Other fans
might argue with me, but the Hawkwind record I’d choose for inclusion on the
interstellar comp would be In Search of
Space. It’s their second album, released in 1971, and the first where they
fully embraced the sci-fi aesthetic. When the aliens figure out how to play the
golden record with the diamond stylus that comes with it, they’ll hear familiar
cosmic sounds: the light ticking of radar signals, blobular pulsations like
those from a vast cloud of cosmic dust, the built up pressure of pent-up
nuclear energy, a metronomic countdown and then, blast off! Their ears will be
rocketing though space like intergalactic bandits on a star-faring hot rod. In
earthly terms, the opening track, a 15+ minute epic called “You Shouldn’t Do
That,” has an early heavy metal/proto-punk feel -- a couple of chords played
fast and hard, but all throughout are strange oscillations and vibrations of
space tones, like the sound effects from movies where little green men shoot
laser beams and photon waves. And all these sounds weave and meld together into
a singular force of forward momentum that’ll likely please the ears and minds
of whatever ultra-intelligent beings happen to find them.
I’d caution
against including Hawkwind’s third album, though. Upon listening to the 1972
release Doremi Faso Latido, they
might think we mean them harm. The punk and heavy metal elements are more
pronounced here, so it’s much darker, more sinister (though the flying saucer
sounds remain). To my ears, it’s like the soundtrack of an interstellar warlord
civilization on a mission to conquer the universe. The vocals remind me a bit
of Ozzy—high-pitched but flat, and shouted. The heavy guitar riffs pulsate and
drone like a lot of metal and hardcore, but there’s enough variance across both
sides of the album—a bit of acoustic guitar and saxophone and some shifts in
syncopation—to keep it from feeling monotonous and redundant. In fact, there’s
so much going on in the music, between the pulse and drive of the songs and the
weird noises that float around it, that it starts to form aural moirés that are
so intense they set your head to spinning. Fun for a wild night on earth, to be
sure, but probably not appropriate as a greeting to fellow space beings.
I
definitely do not recommend sending Hawkwind’s first self-titled record, though
in some respects it’s my favorite. I vote against it only because it reveals
the band in their pre-space days, when they were more of an acid rock group.

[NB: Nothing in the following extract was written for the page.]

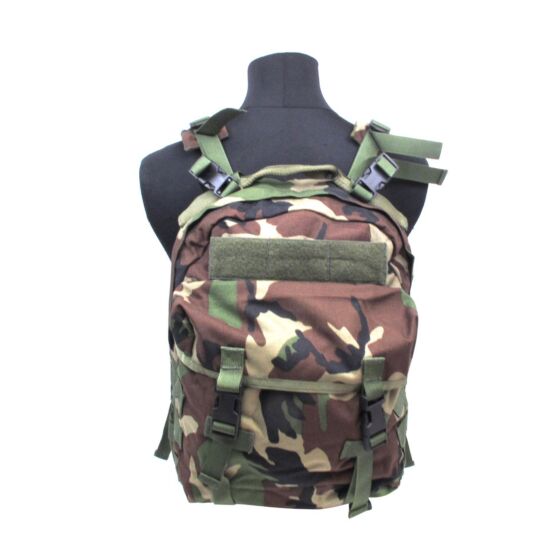 Guarder tactical recon pack (woodland)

Pondering the heavens, to be sure, but still lacking the wherewithal to fully
escape the earth. The opening track, “Hurry On Sundown,” has a bluesy/folksy
feel. It begins with a bright riff strummed on an acoustic guitar, then a
blaring harmonica kicks in and dances along with the melodic vocals. On the
second track, they venture a fair distance into space, but it’s a
feedback-based approximation of space that’s still rooted in earthliness.
There’s less artifice; you can picture ragamuffin stoners making the music in
some groovy pad somewhere, tripping out. The shape of some of the songs is less
streamlined and symmetrical than on their later records, too. The third track,
“Be Yourself,” for instance, has an odd three-beat form that’s kind of arty in
a punk-rock sort of way, the punkiness due mainly to shouted lyrics. Side two
has a similar form, only in reverse, going from off-centered, dark melody and
rhythm, through several interludes of guitar-and-amp cosmos (with a touch of
crazy saxophone from the gates of hell thrown in), and it ends with another
down-to-earth tune, “Mirror of Illusion,” which verges on pop, in a hippy sort
of way. It’s a great album, but probably not the best hello for whoever might
be out there, millions of light years away. Better to wait to play the space
creatures Hawkwind’s first record when they finally arrive at our home planet, where
we can have them over for supper and wine and maybe even some of our precious
herbs for a long night gathered around a real turntable.